New Delhi: India’s monsoon delivered above-average rains last week for the first time this season but the worst dry patch in more than 80 years has already hit rice and sugarcane crops.
It has also depleted India’s reservoirs, choking hydropower supply and boosting fuel demand as farms, homes and businesses used standby generators in June, the peak summer month.
Farm commissioner, N B Singh said sugarcane cultivation may fall 2.4%. This may trigger even bigger imports next year by India, which is already a big buyer and a key factor behind the surge in global sugar prices this year.
But Singh said cotton cultivation was higher this year, and if the monsoon rainfall was adequate in coming weeks, he did not expect a loss in output of crops other than rice.

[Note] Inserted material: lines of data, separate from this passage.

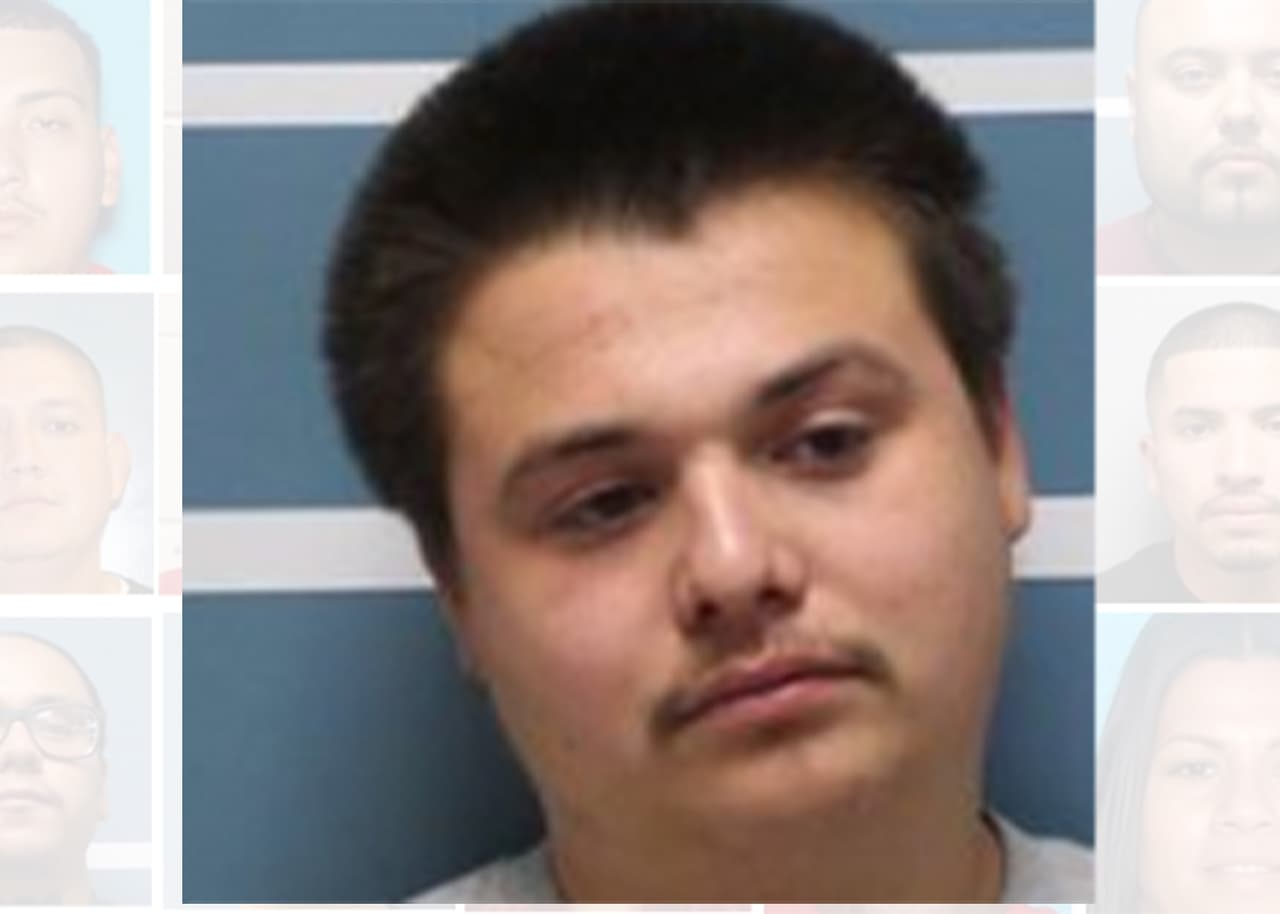 José Ocampo, de 21 años, originario de Cutler, enfrenta cargos cargos por asalto con arma mortal.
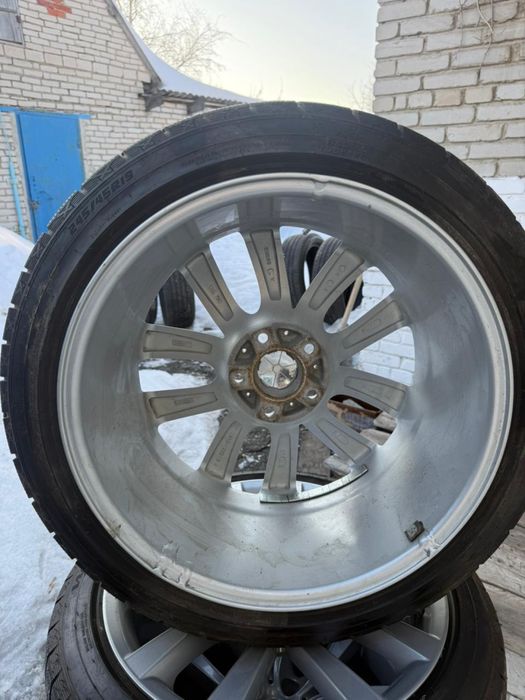 Резина 245/45/19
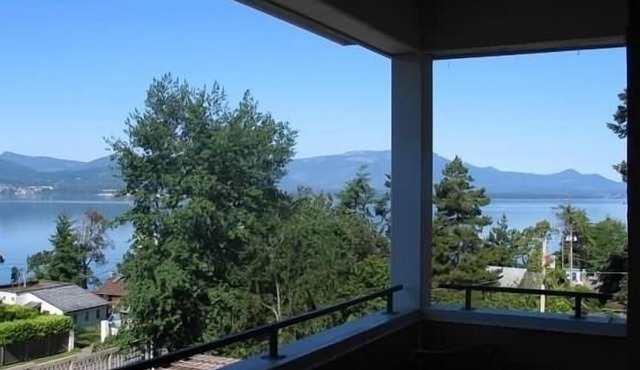 Exclusive penthouse apartment with sea views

“Prospects are not as bad as expected earlier,” he told reporters after the weather office made a rosy forecast.
Weak June rainfall has reduced the water level in India’s main reservoirs by more than half, limiting the prospects of irrigating winter-sown wheat and rapeseed crops, and reducing hydropower supply by 10%, government officials said.
While hydropower accounts for a quarter of India’s power generation, power supply has been further depleted by a severe shortage of coal in the country.
The shortage has boosted the use of standby power generation using liquid fuel, which helped raise India’s June domestic oil product sales by 14%.
Officials said they expected reservoirs to fill up as rainfall has improved.
The weather office forecast widespread rains in the next five days in most regions of India.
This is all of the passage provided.